Evaluating brightness of pulsed electron gun using high-brightness negative electron affinity (NEA) photocathode

Session

PST.3 - New Instrumentation

Authors

Hideo Morishita (2, 4), Takashi Ohshima (2), Kazuo Otsuga (2), Makoto Kuwahara (3), Yoichi Ose (1), Toshihide Agemura (1)

Affiliations

1. Hitachi High-Tech Corporation
2. Hitachi, Ltd, Research & Development Group
3. Institute of Materials and Systems for Sustainability
4. Graduate School of Engineering, Nagoya University

Keywords

negative electron affinity (NEA), photocathode, pulsed electron beam, electron microscope

Abstract text

Recently, a novel measurement technique with a high spatiotemporal resolution that uses an electron microscope combined with a pulsed electron source has been attracting attention [1]. The photoemissive electron gun enables us to obtain an extremely high temporal resolution (typically, much less than 100 ns), which is much better than that of a conventional pulsed electron gun using a high-speed beam blanker [2]. However, the spatial resolution is restricted by the brightness of electron gun used in electron microscopes.
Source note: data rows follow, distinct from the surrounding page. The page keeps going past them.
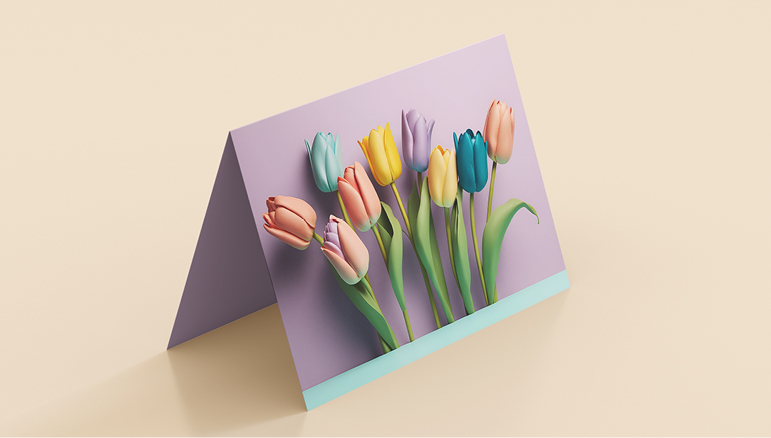 Bright pastel violet postcard with 3d tulips on it standing open on bright beige background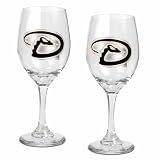Arizona Diamondbacks 2-Piece Wine Glass Set  (Primary Logo)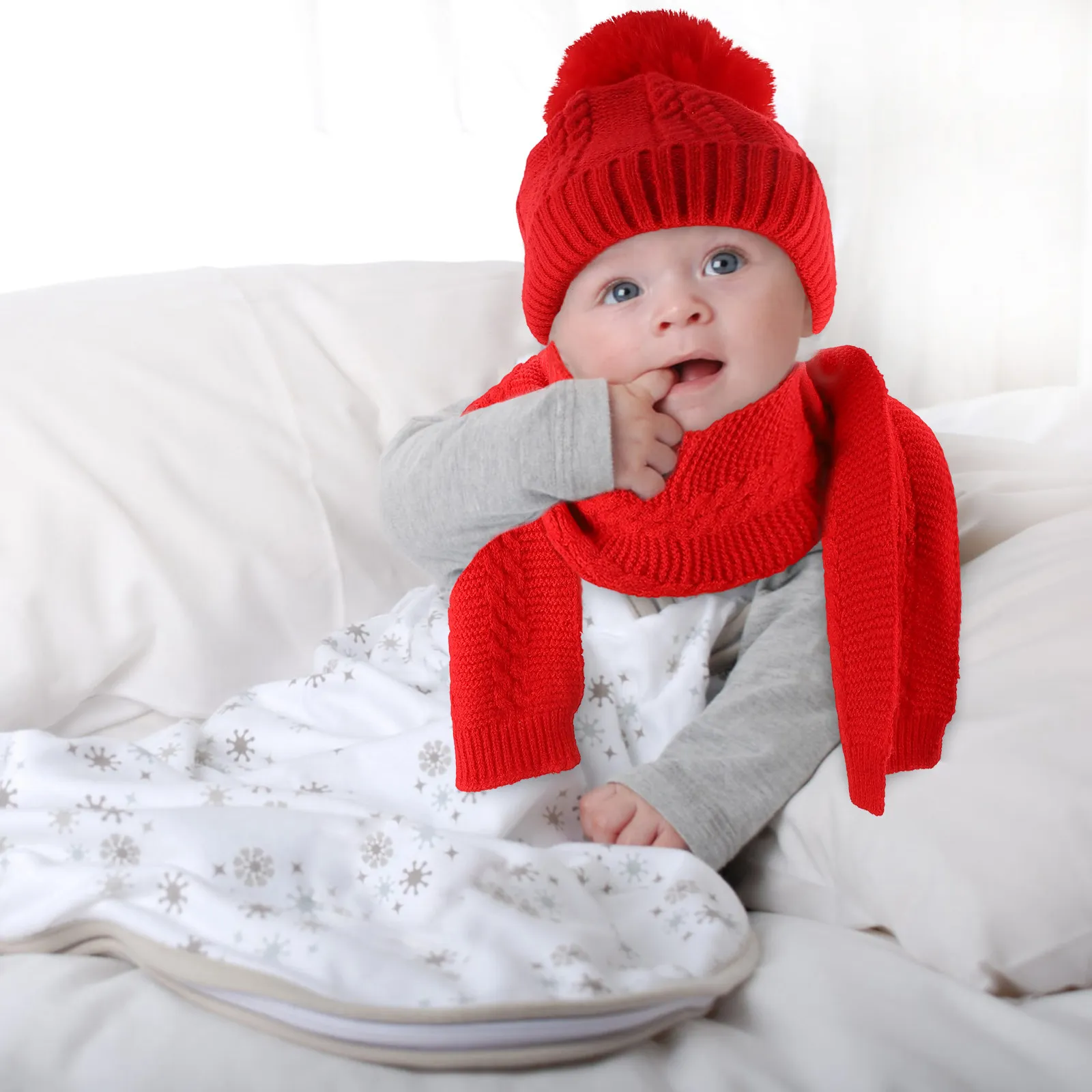 

1 set Children Knitted Hat Scarf Set Warm Woolen Yarn Beanie Muffler For Winter Outdoor Wear Riding Skiing Hiking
To improve the spatial resolution, an electron source with high brightness is required.

  We focus on an electron gun that uses a negative electron affinity (NEA) photocathode with p-type GaAs and Cs-O adsorbates. Under NEA condition, the bottom of the conduction band inside the GaAs is higher than the vacuum level and electrons excited from the valence band to the conduction band by light are emitted to the vacuum spontaneously. A large brightness of 1.3 × 10⁷ A/m²/sr/V was reported for an electron gun that used the NEA photocathode [3] as measured by a transmission electron microscope (TEM) [4]. This brightness is as high as that of a conventional Schottky-type emitter, which is utilized in electron microscopes with high resolution. In this research, a prototype pulsed electron gun using the NEA photocathode was constructed for a scanning electron microscope (SEM). A pulsed electron beam was obtained by irradiating the photocathode with pulsed light. The peak brightness of the beam was evaluated. We utilized two kinds of pulsed light sources with a minimum pulse width of ~100 ps and ~1 ns. In addition, we measured the waveforms of the gun with a pulse width larger than 1 ns by using a high-speed detector that consisted of an avalanche photodiode (APD) and a high-speed amplifier. In the evaluation of waveforms, pulsed electron beams with an acceleration voltage of 6 kV were irradiated on the high-speed detector, which was set in the specimen chamber of the SEM.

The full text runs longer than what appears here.